The domestic market is still a dream for African producers


NAIROBI (Reuters) – Mobius Motors, which was the only domestic car manufacturer in Kenya, has only produced about 50 test vehicles since its inception in 2014.

The symbol of the Kenyan car maker Mobius is visible on the grill of the first generation SUV Mobius II in the company's showroom in Nairobi, Kenya, March 6, 2019. Figure 6 March 2019. REUTERS / Baz Ratner

Mobius is one of many African companies that are hoping for a part of the market, which is largely underdeveloped for new cars.

As global car giants, including Japanese Toyota and German Volkswagen, have stepped up efforts to exploit a large market, local actors, including Kiira Motors from Uganda, Ghana Kantanka and Nigerian Innoson Motors.

They face the same obstacles as their generous colleagues, especially with the prevalence of low-priced second-hand imports, but without deep pockets and infrastructure to overcome them.

"This is not an easy way," said Joel Jackson, 34-year-old founder of Mobius Motors, London.

Ten years ago, he first dreamed of building a car in Africa for African drivers when he traveled to Kenya for his work in a forestry company.
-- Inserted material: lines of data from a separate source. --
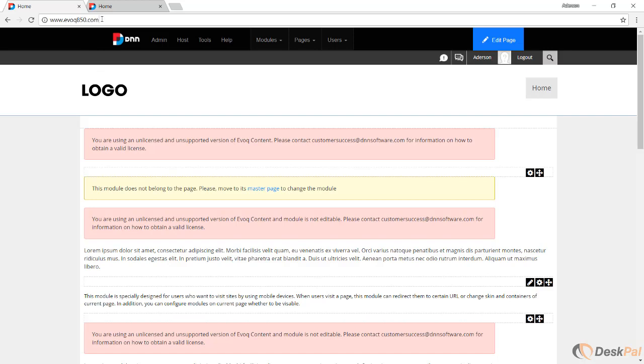This is based on our client's website. However, we have stripped down all their content, all the references, just from a privacy standpoint. So this is bare bones but based on their site. Again, Evoq 8.5.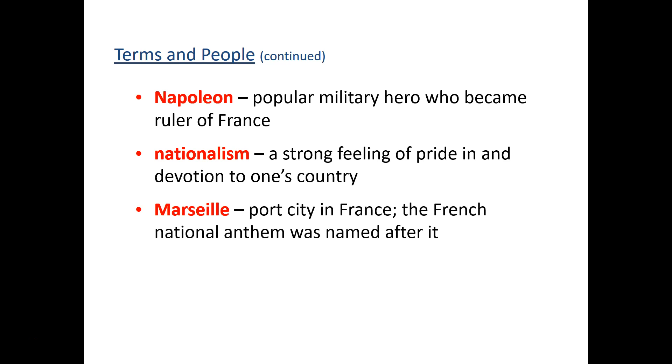Marseille is a port city in France — just briefly mentioned in the book — and the French National Anthem is named after this city. That is the craziness of the Reign of Terror period in the French Revolution. We'll continue next with the Age of Napoleon. See you next time.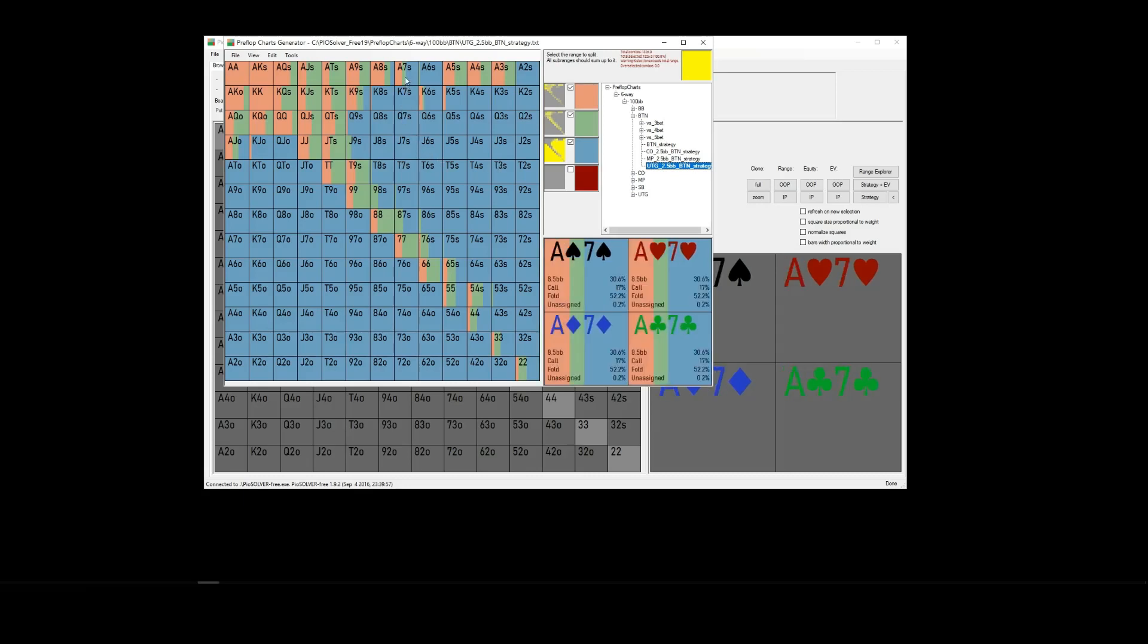And as you can see, if we hover over A7 suited here, we can see that we are raising to, 3-betting to 8.5 big blinds, 30.6% of the time, calling 17% of the time, and folding 52.2% of the time.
Mobius produces a robust, shapeless SUV designed to meet the challenges of African driving conditions as well as the modest budget of African consumers. The entry version is worth 1.3 million shillings ($ 12,897), which is half the lower price for the used SUV model imported from Japan.

And although potential customers have placed more than 400 orders and paid $ 300 for their cars, Jackson is still crossing the globe to raise funding for the entire production launch, which has been delayed for almost a year.

"A large amount of money goes into production processes, but there is also a lot of investment in research and development of the vehicle itself," he said.

The Nigerian Innoson is a bit better, as it sold 10,000 vehicles in the first eight years of operation.

Kiira, which is 96% owned by the state, is building a $ 40 million assembly plant in southern Uganda, which will be able to produce 5,000 cars a year. However, since 2011, the company has built only three prototype vehicles.

Rodney Muhumuza, Kiirin, Head of Business Development, said that at a time when it received state support, the company needed private capital at a certain point. The biggest challenges at the moment are related to politics, he said.

The total sales of cars in the East African Community – the common market, including Kenya, Uganda, Rwanda, Burundi, Tanzania and South Sudan – are doubled to 500,000 vehicles a year over the next decade, he estimates. And he wants to be new, locally manufactured cars.

In order to do this, governments must unite in order to support domestic production by restricting cheap imports from countries such as Japan and harmonizing tax rates in order to reduce the prices of vehicles produced in neighboring countries.

"If there are tax and non-fiscal incentives in the region that really make it easier to add value at the local level, this will be a lot," he said. "It's really a very good market."